I understand the quest for that particular holy grail. I also want it. But it’s a tricky problem.
For example, I want to be able to export my RM data in some sense (probably not as a GEDCOM) and them import that data in genealogy software product B. And I want every bit of data to be 100% intact in genealogy software product B, including media files. Then, I want to do the same thing again, exporting my data from genealogy software product B in some sense and then to import my data into genealogy software product C. Again, I want every bit of data to be 100% intact in genealogy software product C, including media files. As you can guess, I would like to continue this procedure with genealogy software products D and E and F and so forth, and finally back into RM. And I want every bit of data to be 100% intact back in RM, including media files.
But at the same time, I don’t want my media files to be stored in my RM database nor in any other RM database. I want my media files to have meaningful file names and to be in a meaningful subfolder structure. So the horns of my dilemma are similar to yours. I think some kind of “container” other than GEDCOM is needed to contain such a self contained package that includes the media files.

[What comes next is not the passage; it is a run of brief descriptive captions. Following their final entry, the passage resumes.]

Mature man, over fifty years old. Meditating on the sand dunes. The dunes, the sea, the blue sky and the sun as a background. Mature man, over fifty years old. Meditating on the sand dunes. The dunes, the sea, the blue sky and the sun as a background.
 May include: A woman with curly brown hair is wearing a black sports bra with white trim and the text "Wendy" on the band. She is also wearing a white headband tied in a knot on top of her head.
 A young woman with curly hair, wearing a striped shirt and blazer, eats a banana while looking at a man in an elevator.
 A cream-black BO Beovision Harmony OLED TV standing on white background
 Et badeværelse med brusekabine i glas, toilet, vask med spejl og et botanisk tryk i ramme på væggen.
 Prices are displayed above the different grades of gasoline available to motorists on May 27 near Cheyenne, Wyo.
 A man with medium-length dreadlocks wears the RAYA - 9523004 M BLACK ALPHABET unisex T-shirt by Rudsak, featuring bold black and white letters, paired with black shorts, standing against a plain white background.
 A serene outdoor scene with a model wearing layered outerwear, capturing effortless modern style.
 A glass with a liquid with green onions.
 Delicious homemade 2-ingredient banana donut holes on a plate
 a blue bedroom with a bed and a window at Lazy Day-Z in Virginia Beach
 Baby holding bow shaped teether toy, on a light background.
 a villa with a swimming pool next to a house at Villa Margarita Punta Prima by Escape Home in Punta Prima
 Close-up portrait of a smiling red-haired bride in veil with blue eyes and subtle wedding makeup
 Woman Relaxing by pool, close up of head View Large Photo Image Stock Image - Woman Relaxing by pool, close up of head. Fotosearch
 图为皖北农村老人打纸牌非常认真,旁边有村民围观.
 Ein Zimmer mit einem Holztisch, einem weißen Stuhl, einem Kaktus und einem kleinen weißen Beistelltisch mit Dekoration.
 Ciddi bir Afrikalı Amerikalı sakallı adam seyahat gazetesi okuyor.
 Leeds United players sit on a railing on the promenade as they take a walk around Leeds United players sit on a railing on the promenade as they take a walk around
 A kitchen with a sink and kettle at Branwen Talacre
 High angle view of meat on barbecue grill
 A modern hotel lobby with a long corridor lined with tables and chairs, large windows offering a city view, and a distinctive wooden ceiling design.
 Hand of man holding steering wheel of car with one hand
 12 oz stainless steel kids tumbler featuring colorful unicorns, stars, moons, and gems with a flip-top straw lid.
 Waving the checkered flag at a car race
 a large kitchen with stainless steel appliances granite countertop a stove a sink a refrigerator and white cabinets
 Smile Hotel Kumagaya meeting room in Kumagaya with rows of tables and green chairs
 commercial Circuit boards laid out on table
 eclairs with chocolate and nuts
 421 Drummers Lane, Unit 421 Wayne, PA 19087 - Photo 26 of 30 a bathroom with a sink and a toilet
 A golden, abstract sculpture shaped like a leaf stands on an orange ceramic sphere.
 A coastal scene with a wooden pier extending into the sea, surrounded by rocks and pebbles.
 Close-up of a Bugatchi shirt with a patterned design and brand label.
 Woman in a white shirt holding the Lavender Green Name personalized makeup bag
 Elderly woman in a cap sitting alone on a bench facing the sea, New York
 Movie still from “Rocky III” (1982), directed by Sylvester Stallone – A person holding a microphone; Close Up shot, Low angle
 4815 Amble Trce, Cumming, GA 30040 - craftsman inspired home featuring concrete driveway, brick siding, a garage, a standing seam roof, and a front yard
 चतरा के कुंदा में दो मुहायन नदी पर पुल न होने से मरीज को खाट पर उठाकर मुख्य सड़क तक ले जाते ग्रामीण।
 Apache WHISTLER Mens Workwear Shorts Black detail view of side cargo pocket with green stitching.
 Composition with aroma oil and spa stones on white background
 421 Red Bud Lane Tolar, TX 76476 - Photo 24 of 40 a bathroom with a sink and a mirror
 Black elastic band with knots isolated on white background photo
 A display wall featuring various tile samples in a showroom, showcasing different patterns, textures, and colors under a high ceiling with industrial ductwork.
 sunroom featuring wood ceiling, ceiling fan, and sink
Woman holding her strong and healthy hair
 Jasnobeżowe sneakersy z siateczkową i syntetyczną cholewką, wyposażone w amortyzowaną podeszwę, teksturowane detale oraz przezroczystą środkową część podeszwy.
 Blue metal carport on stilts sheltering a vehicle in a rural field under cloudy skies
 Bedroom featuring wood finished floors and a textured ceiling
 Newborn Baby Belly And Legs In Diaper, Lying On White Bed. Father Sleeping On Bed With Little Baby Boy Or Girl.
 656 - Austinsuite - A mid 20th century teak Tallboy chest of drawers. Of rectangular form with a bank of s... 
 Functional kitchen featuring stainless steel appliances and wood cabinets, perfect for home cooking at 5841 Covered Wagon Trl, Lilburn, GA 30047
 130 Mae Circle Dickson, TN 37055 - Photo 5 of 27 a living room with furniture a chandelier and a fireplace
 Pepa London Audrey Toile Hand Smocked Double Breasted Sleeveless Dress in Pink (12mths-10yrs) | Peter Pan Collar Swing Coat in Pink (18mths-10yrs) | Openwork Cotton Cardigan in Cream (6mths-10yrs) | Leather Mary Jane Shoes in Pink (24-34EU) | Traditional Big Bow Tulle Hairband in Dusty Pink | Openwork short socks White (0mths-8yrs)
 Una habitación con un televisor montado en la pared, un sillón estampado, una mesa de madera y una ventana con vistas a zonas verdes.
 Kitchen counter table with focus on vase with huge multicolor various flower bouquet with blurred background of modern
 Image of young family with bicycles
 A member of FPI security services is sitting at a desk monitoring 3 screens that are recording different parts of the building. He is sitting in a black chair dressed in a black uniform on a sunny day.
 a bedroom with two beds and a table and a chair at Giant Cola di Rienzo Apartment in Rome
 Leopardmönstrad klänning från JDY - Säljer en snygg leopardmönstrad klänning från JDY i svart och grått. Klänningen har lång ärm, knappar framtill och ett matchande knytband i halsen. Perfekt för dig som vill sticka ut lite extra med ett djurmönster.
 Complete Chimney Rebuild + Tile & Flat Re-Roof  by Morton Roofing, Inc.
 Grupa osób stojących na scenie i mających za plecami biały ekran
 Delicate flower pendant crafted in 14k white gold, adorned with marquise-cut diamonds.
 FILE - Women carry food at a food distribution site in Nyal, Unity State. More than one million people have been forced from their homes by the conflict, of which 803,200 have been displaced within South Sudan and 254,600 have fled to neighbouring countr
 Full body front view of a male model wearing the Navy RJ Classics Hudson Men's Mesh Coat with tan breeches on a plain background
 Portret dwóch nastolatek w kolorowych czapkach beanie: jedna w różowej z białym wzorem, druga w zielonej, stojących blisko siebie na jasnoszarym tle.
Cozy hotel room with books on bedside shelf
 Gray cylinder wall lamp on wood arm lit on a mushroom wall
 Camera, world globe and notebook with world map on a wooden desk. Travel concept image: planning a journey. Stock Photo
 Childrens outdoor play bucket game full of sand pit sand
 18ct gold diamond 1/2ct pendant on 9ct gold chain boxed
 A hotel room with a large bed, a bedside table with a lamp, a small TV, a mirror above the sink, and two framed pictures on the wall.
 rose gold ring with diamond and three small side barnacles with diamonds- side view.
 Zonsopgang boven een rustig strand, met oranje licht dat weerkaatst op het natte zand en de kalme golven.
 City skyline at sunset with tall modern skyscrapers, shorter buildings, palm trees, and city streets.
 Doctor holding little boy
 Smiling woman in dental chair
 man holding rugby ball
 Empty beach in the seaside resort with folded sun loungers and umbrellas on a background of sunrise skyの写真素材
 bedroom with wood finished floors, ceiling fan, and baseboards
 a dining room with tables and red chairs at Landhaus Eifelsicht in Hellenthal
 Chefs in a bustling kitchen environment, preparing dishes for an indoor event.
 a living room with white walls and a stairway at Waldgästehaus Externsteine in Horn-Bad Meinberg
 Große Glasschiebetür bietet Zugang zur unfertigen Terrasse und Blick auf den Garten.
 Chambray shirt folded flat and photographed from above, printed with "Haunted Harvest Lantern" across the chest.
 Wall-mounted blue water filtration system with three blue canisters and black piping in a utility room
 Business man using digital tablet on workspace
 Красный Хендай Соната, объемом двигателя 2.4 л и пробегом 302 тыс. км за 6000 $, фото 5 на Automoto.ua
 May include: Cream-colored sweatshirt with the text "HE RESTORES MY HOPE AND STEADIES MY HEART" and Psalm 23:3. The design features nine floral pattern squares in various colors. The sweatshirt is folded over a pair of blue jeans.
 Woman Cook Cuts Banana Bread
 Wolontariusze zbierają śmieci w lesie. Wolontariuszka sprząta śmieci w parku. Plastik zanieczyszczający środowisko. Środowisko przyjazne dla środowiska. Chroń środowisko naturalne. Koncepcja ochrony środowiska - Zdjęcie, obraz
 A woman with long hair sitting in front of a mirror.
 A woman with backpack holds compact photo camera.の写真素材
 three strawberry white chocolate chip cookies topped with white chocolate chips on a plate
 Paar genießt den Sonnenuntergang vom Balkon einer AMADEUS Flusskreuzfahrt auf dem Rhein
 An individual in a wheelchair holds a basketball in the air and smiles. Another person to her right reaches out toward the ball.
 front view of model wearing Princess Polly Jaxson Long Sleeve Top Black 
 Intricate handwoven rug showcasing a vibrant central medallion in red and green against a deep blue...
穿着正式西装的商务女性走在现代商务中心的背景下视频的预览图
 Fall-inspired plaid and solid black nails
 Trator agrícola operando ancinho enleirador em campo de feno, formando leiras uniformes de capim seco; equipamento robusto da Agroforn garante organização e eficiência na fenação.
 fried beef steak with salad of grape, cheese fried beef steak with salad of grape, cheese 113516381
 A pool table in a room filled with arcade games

Like IceMan, I am a GedSite user. GedSite is designed to work with data from any genealogy software, not just with RM data. But GedSite does an especially good job of processing RM’s special features like shared facts and Place Details. Essentially, GedSite uses a Web site as a “container” to contain your RM data. A Web site created by GedSite is not amenable to being imported back into RM or any other genealogy software as in my mythical example of genealogical software A and B and C being able to export and import each other’s data as a single package including media. But for one direction, namely from RM to GedSite, it does a good job of creating a “container” to hold all your data within a single set of covers.
The GedSite vendor has a companion product called Gedcom Publisher which does pretty much the same thing as GedSite except that the “container” which contains your RM data is an E-book instead of a Web site. The products are so similar that if you already know how to use GedSite, you also know how to use Gedcom Publisher. I own a Gedcom Publisher license, but I don’t actually do much with it. My problem is is not with the product, it’s with the concept of E-books. I just don’t like them. If I want to curl up with a good book, I want it to be a real book. I don’t want to read from an electronic screen of any kind.
So I have wished that there were a third companion product from the same vendor that would create real books on paper that included everything including media files, all under one cover. But I have to admit that printing all those census images and birth certificate images and death certificate images and courthouse marriage record images and obituary images and just images of all sorts on paper would be a real mess. They would have to be large enough to be legible and hyperlinks between the rest of the book and the images couldn’t work in the same way of just clicking on them. So making e-books with Gedcom Publisher might actually be another good way to create a “container” that includes all your RM data include media files between the covers and it is self contained.
My public site created by GedSite is still a work in progress and is still quite small. You can see it at Jerry’s Genealogy Data Displayed Via GedSite If you want to see a typical page without first fighting through the surname index, a good example may be found at
Ernest Lester (Lester) Peters, Sr. To be honest, I think this page is much too cluttered and I have tried to figure out a way to tone it down a bit without losing all the data.
For example, here’s another sample page that’s not quite so cluttered, not because it’s toned down deliberately but simply because I have less data on this person. Robert Earl (Bob) Ailey I go back and forth about how much data to show on GedSite. For example, these samples show my Research Notes as a part of my citations. Like everything else with GedSite, that’s purely optional. And these samples show things like census images both as linked to the facts and as linked to the citations. I wonder if the presentation would be better if I only showed the images as linked to the citations. As I said, my site that I created with GedSite is still a work in progress.